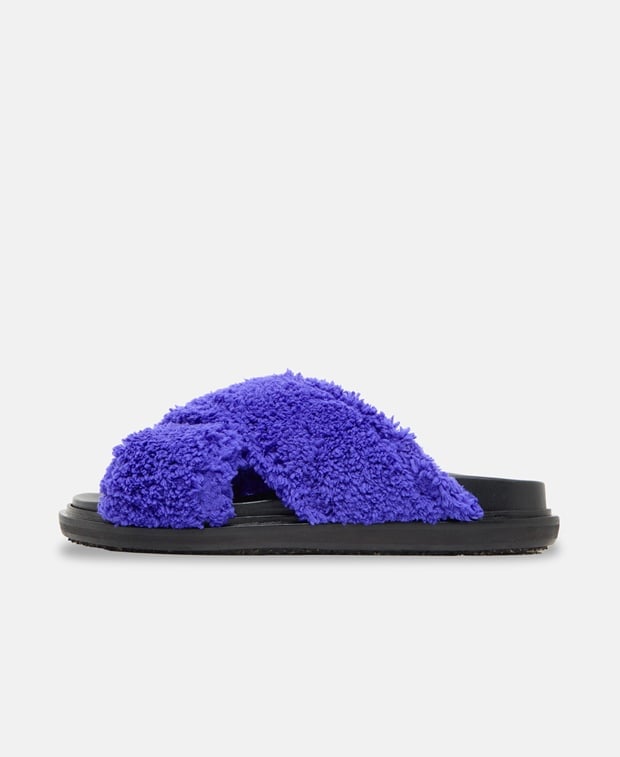 Marni Sandals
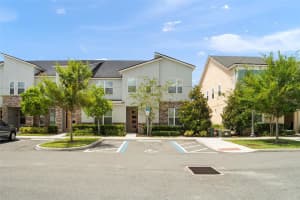 1521 CAREY PALM CIRCLE, KISSIMMEE, FL 34747 Sold 08/15/23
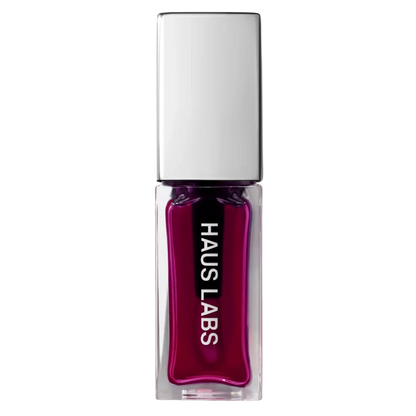 PhD Hybrid Hydrating Tinted Lip Oil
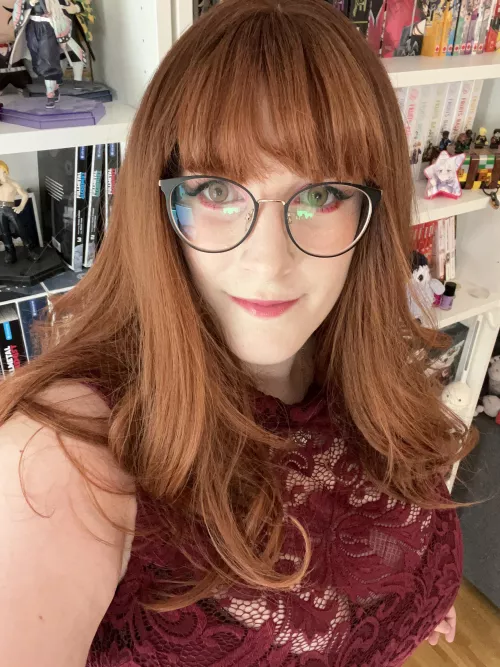 Good vibes for Sunday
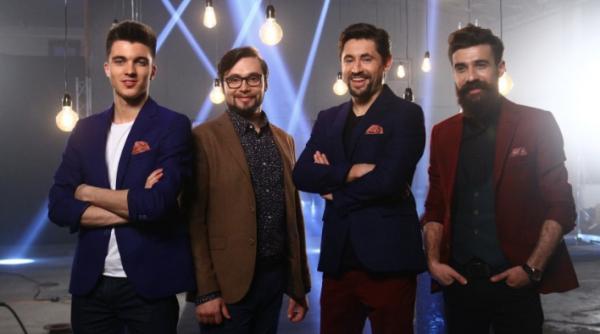 finala x factor ad libitum controversa carla s dreams delia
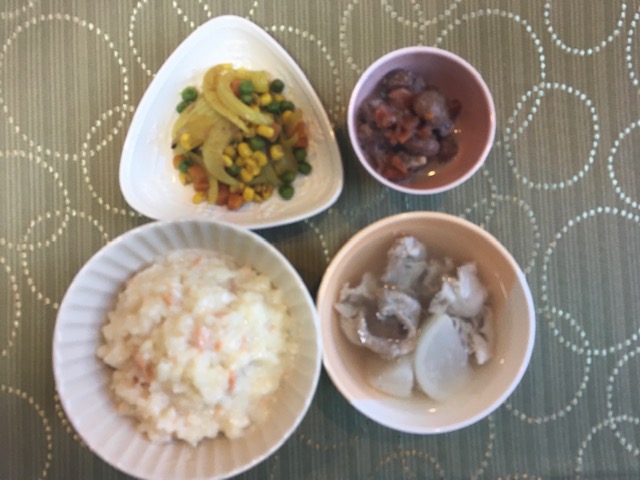 教室のイメージ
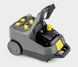 Пароочисник Karcher SG 4/4 (1.092-104.0)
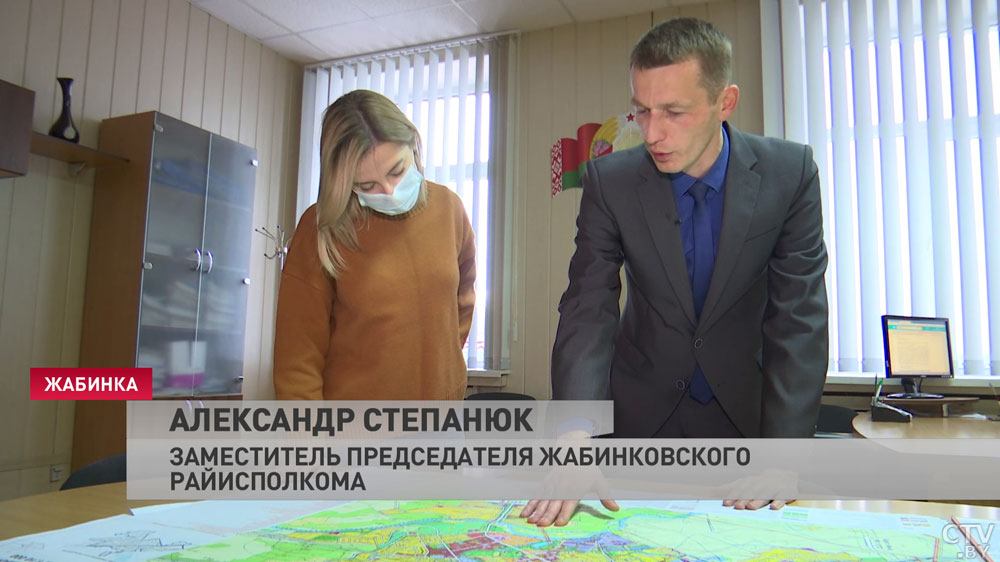 Квартиры с окнами в лес или к реке. Рассказываем, как можно быстрее въехать в своё жильё в городе-спутнике-10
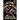 The Cradle Above the Abyss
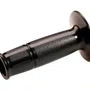 Punho 36 Completo - 152492-0 - Makita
··········
**Aim of the task**: Write out, exactly as they appear, the lines from the one containing "finala x factor" through the end of the material above, excluding pictures.

**Your response**:
 finala x factor ad libitum controversa carla s dreams delia
 教室のイメージ
 Пароочисник Karcher SG 4/4 (1.092-104.0)
 Квартиры с окнами в лес или к реке. Рассказываем, как можно быстрее въехать в своё жильё в городе-спутнике-10
 The Cradle Above the Abyss
 Punho 36 Completo - 152492-0 - Makita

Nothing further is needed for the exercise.